Un déploiement massif qui n’est pas sans conséquences
«Si l’on fait le bilan entre l’effet bénéfique des satellites d’observation de la Terre et la pollution générée par leur construction et leur lancement, il n’y a vraiment pas photo, tempère le météorologue Jean-Noël Thépaut, directeur des services Copernicus, le programme d’observation européen. Mais il faut tout de même s’attaquer à cette question et les agences spatiales commencent d’ailleurs à prendre le problème à bras-le-corps.» Les satellites scientifiques ont beau se révéler indispensables aux chercheurs, «on ne peut pas se dédouaner de notre empreinte environnementale parce que nous apporterions, via l’observation de la Terre, des éléments essentiels de la lutte contre le changement climatique», abonde Laurence Monnoyer-Smith, directrice de la délégation au développement durable au Cnes.
Car leur déploiement massif n’est pas sans conséquences. Utilisation de métaux rares pour la construction, émissions de gaz à effet de serre (GES) au décollage, risques de collision en orbite, pollution lumineuse dans le ciel, désintégration des débris dans l’atmosphère… Selon Benoît Meyssignac, chercheur au Laboratoire d’études en géophysique et océanographie spatiale (Legos) et au Cnes, la sobriété est la clé : «Pour les satellites comme pour le reste, il faut choisir des priorités, compter le bilan carbone de nos missions et se poser la question de leur utilité face à leur coût environnemental.»

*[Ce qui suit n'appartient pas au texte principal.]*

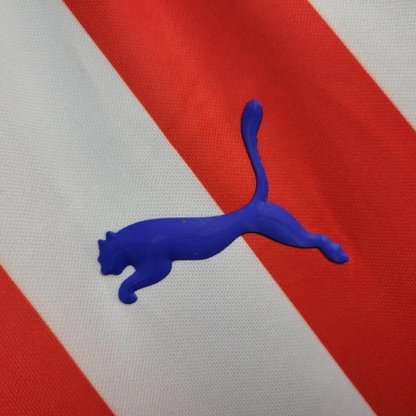 Retro 16/17 Chivas Guadalajara 110-Years Anniversary Home Jersey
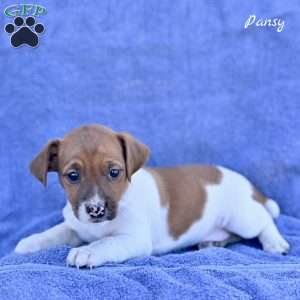 Pansy, Jack Russell Terrier Puppy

Problème : calculer précisément l’empreinte environnementale d’un satellite n’est pas si simple. Si les agences spatiales sont capables de détailler les émissions de GES du lancement – sans pour autant vouloir rendre ces chiffres publics –, «on ne connaît pas les effets dans les hautes couches de l’atmosphère», reconnaît Laurence Monnoyer-Smith. C’est la quantité qui crée le problème. «Pour un lancement, ça va. Mais au bout de 1 000, on commence à voir apparaître des effets de forçage radiatif», explique l’experte. Concrètement, les aérosols générés par les fusées filtrent les rayons du soleil et créent des déséquilibres énergétiques entre les hautes couches de l’atmosphère et la Terre. Des travaux de recherches sont en cours à l’ESA et à la Nasa pour analyser le phénomène.
Les cinq pistes de l’ESA
A l’échelle mondiale, l’Europe reste une naine en matière de lancements face aux géants américains et chinois. Sans oublier que, par leur petite taille et leur nombre réduit, les satellites scientifiques polluent «jusqu’à dix fois moins» que les satellites privés de télécommunications, selon le Cnes. Pour autant, l’ESA propose cinq pistes pour limiter l’impact environnemental de ses missions : «Partager les informations de manœuvres entre les agences spatiales pour éviter les collisions, améliorer notre détection d’objets spatiaux pour éviter de les percuter, penser les satellites de manière qu’ils créent un minimum de débris en cas de collision, se désorbiter le plus vite possible à la fin d’une mission pour désengorger l’orbite et nettoyer l’espace en faisant rentrer les débris dans l’atmosphère de manière la plus neutre possible.»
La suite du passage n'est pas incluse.